28/VI/40 Toujours pas de nouvelles au sujet des places. Vu André Meyer assez décontenancé par la politique de son ami Baudoin. C'est ce dernier qui lui a dit de partir.  Il fait des démarches pour avoir un visa américain. Ici, les gens n'ont qu'une seule préoccupation: visa, Clipper et bateaux.  Diane et les enfants sont allées s'installer à Cintra.  Ce soir, avec Rajchman, cinéma: mauvais film américain. Le Clipper réapparaît à l'horizon.

1/VII/40 Tout est arrangé ou presque: Rajchman et moi, nous avons promesse ferme de Clipper pour le 3, Diane et les enfants ont une bonne cabine sur le Nea Hellas qui part aussi le 3.

3/VII/40 Enfin, tout est arrangé: D. et les enfants se sont embarquées sur le Nea Hellas, beau bateau grec de 17 000 tonnes. Moi, je m'embarque demain matin sur le Clipper, si la météorologie le permet.  Hier, terrible émotion: les Américains ont annulé les visas antérieurs au 6. Les nôtres heureusement sont du 17.

4/VII/40 Ce matin, à 6 h.1/2 réveil: le Clipper part. Après un rapide petit déjeuner, on se dirige vers le port. A 10 h.35, le Clipper, monstre magnifique, tel un poisson énorme, s'ébranle, 11 minutes après, il décolle: en avant pour New York. Au port, rencontré pas mal de gens: Gibson, lady Michelham, Guy de Baillet qui m'annonce la triste nouvelle que la rue Laffitte n'a pas expédié les documents nécessaires pour débloquer les comptes.  Il est 1 heure maintenant.
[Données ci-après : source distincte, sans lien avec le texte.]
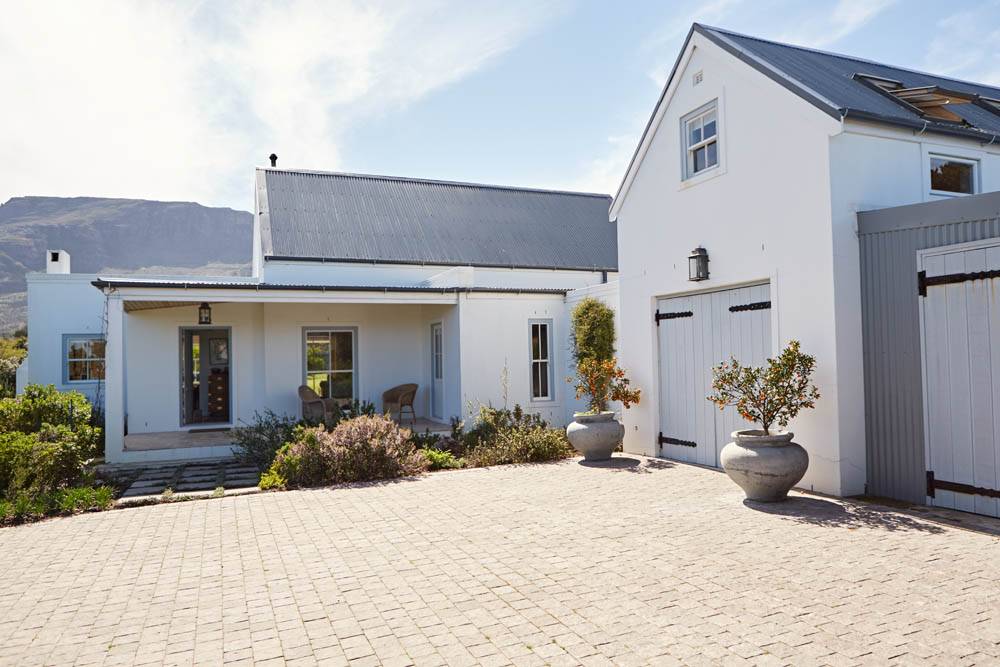 Exterior of the driveway and entrance to a large home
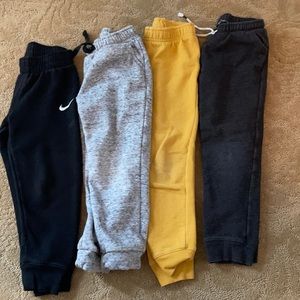 Boys size 5t sweatpants (4 Pairs)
Le Clipper navigue au-dessus des nuages, calme, stable. On ne voit que le plancher cotonneux au-dessous de nous. Des stewards, élégants comme des officiers de marine, distribuent du whisky et des tasses de bouillon.  Un léger lunch est servi: poule au riz et compote de bonne qualité mais de quantité insuffisante.  L'après-midi s'écoule paisible. Lu quelques journaux américains. On a l'impression qu'ils commencent à comprendre.  Arrivé à Horta, après 7 heures de vol. On repart après 2 h. 1/2.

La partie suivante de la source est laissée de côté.